Task prompt: Would you return, word for word, the lines running from the one with "1036 Ileagnes Rd, Raleigh, NC 27603" to the final line of the listing below, pictures omitted?

Records shown:

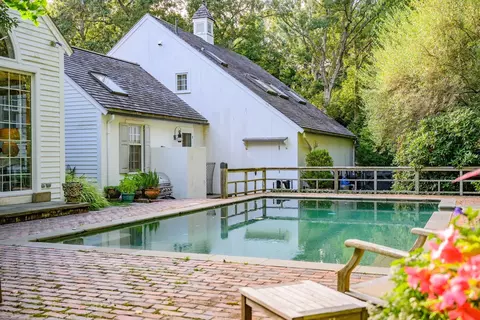 Exterior - 245 N Bay Rd, Osterville, MA 02655 photo 18 of 21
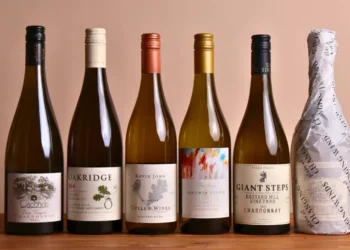 What Are the Different Types of White Wine and How Do They Compare?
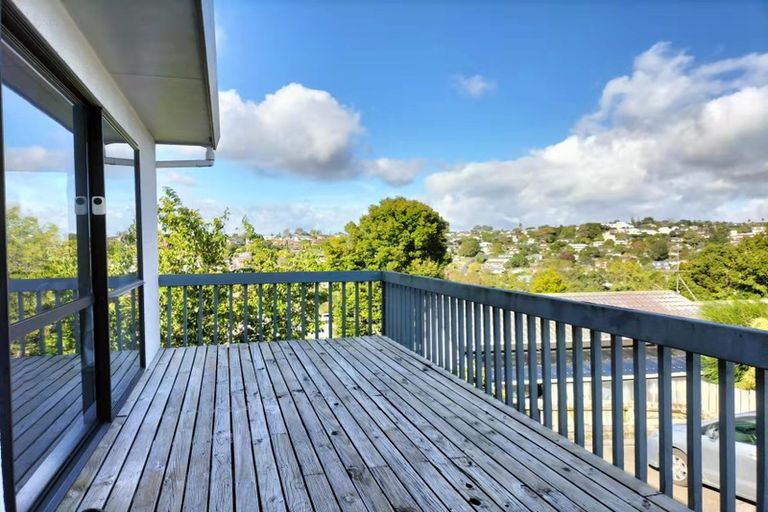 Photo of property in 1/84 Totaravale Drive, Totara Vale, Auckland, 0629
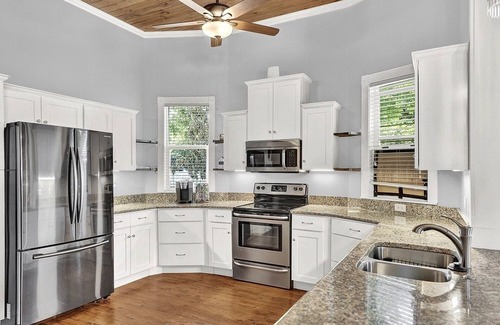 Hondo Casa | Come Relax: 2 K Bedrooms, Dogs Welcome
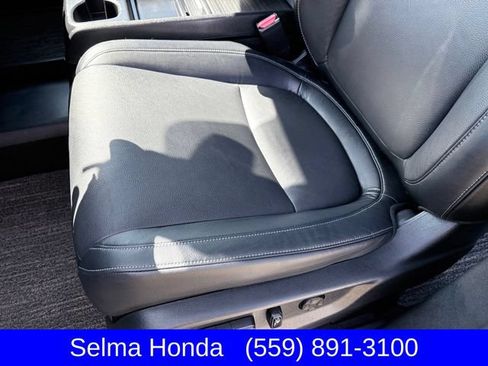 Used 2024 Honda Odyssey Touring image 12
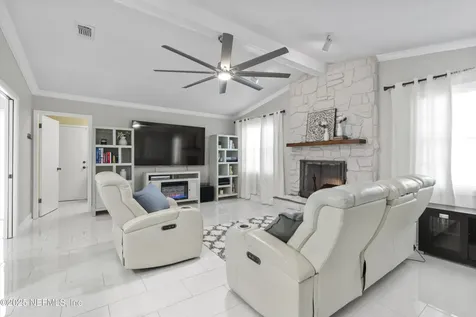 11769 Loretto Woods Court Jacksonville FL 32223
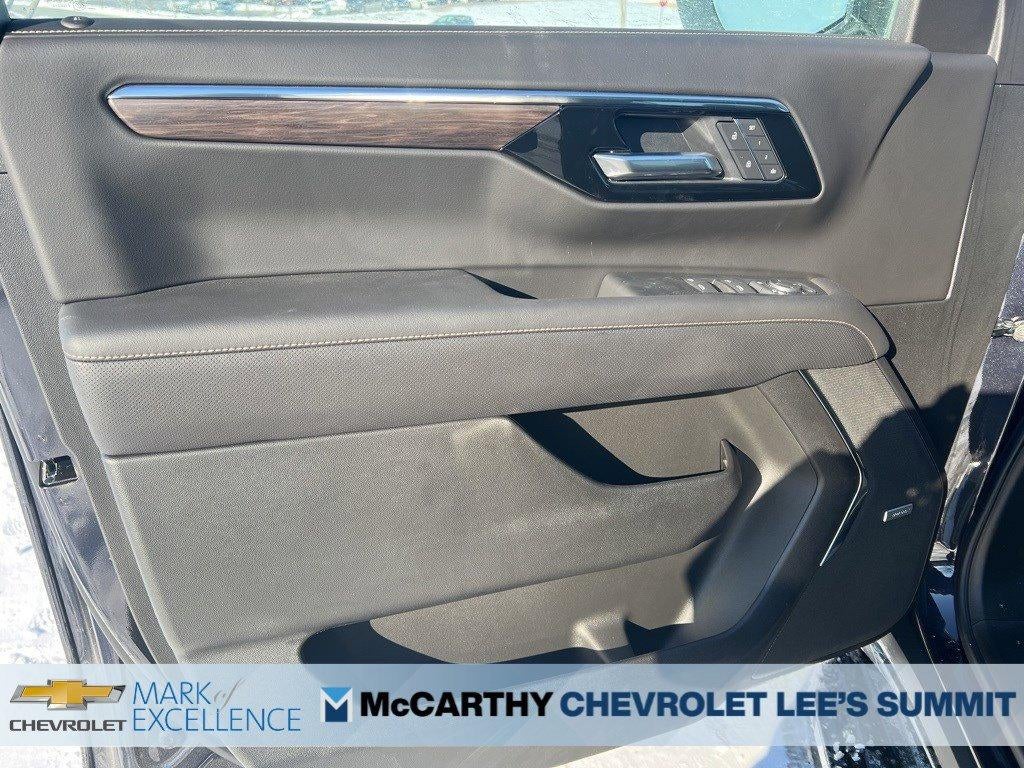 2025 Chevrolet Tahoe 4WD Premier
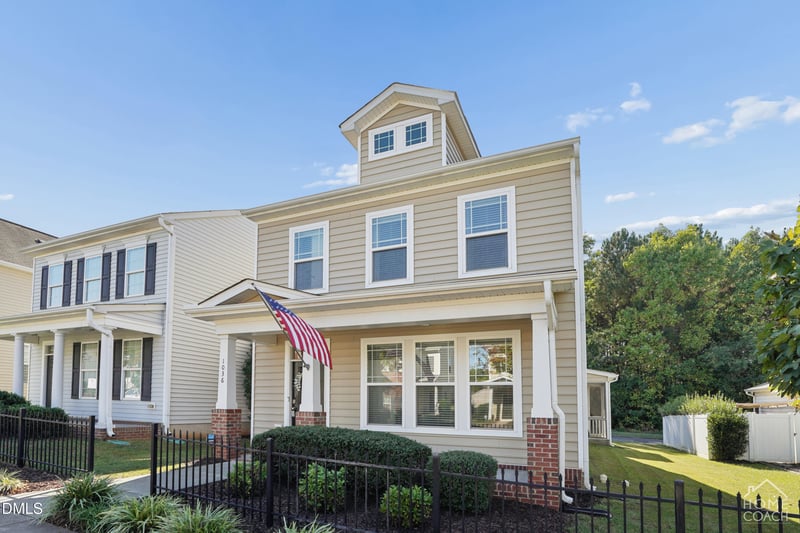 1036 Ileagnes Rd, Raleigh, NC 27603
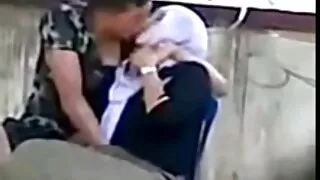 Incrível morena filme pornô de desenho acaricia-se com um vibrador e cums fresco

Expected output:
 1036 Ileagnes Rd, Raleigh, NC 27603
 Incrível morena filme pornô de desenho acaricia-se com um vibrador e cums fresco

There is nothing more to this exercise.